In addition, because the Exchange proposes to allow MPL Orders—including MPL-ALO Orders—to trade at the less aggressive of the midpoint of the PBBO or their limit price, the Exchange proposes to modify Rule 7.31(d)(3)(E)(ii) to replace the reference to the “midpoint” with the “working price of the MPL-ALO Order” (consistent with the revised definition of MPL Order proposed above).
To effect the proposed change to eliminate the “No Midpoint Execution” Modifier, the Exchange proposes to modify Rule 7.31(d)(3)(C) to delete text providing that an incoming Limit Order may be designated with a “No Midpoint Execution” Modifier and that orders so designated would not trade with resting MPL Orders and may trade through MPL Orders.
The Exchange believes that the elimination of the “No Midpoint Execution” Modifier would simplify order processing on the Exchange and, in conjunction with the proposed changes to MPL Orders described above, encourage the use of MPL Orders and provide increased opportunities for order execution.
Finally, the Exchange proposes a modification to Rule 7.11, which sets forth rules pertaining to the Limit Up-Limit Down (“LULD”) Plan. The proposed change would modify the handling of MPL Orders relative to the Upper and Lower Price Bands, consistent with the proposed changes described above with respect to the behavior of MPL Orders.
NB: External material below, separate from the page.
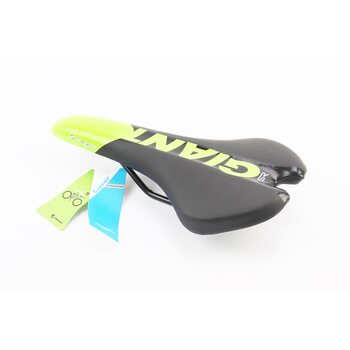 Сиденье MTB 280x140мм, чёрно-салатовое, НЕ оригинал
Specifically, the Exchange proposes to modify Rule 7.11(a)(5), which describes the repricing or cancellation of orders to buy (sell) that are priced or could be traded above (below) the Upper (Lower) Price Band. Rule 7.11(a)(5)(F) currently provides that, if the midpoint of the PBBO is above (below) the Upper (Lower) Price Band, an MPL Order will not be repriced or rejected and will not be eligible to trade unless the ETP Holder enters an instruction to cancel or reject such MPL Order.
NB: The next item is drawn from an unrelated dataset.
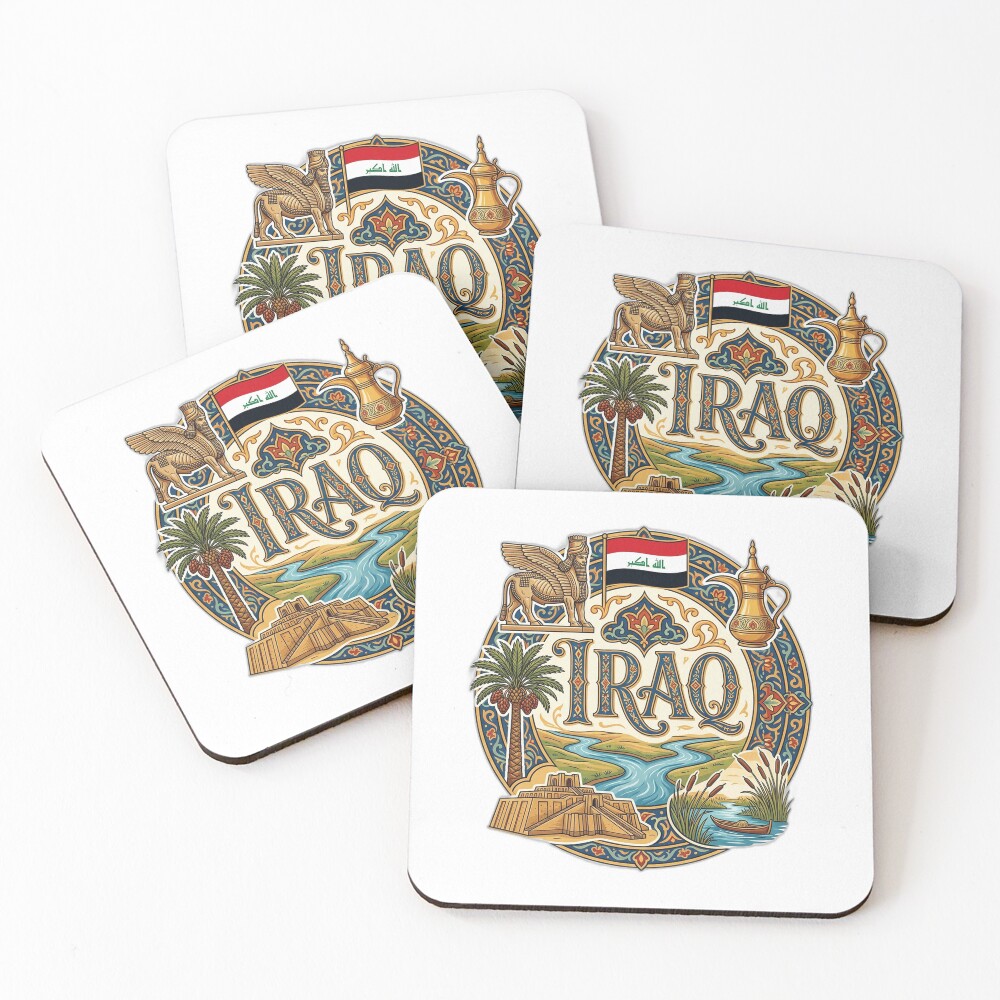 Item preview, Coasters (Set of 4) designed and sold by FunFitsFactory.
The Exchange proposes to delete the text of Rule 7.11(a)(5)(F) and designate the Rule as Reserved. The Exchange believes Rule 7.11(a)(5)(F) is no longer necessary because MPL Orders, as proposed, would be permitted to reprice and trade relative to LULD Price Bands. The Exchange believes that this change is consistent with the proposed change to permit MPL Orders to trade at prices other than the midpoint of the PBBO and would similarly increase execution opportunities for MPL Orders within the bounds of the LULD Price Bands in effect. The Exchange notes that MPL Orders would behave in the same way as other Limit Orders with respect to LULD Price Bands and would thus be processed as set forth in current Rule 7.11(a)(5)(B).
Reserve Orders
Rule 7.31(d)(1) provides for Reserve Orders, which are Limit or Inside Limit Orders with a quantity of the size displayed and with a reserve quantity that is not displayed. Rule 7.31(d)(1)(C) provides that a Reserve Order must be designated Day and may only be combined with a Non-Routable Limit Order or a Primary Pegged Order.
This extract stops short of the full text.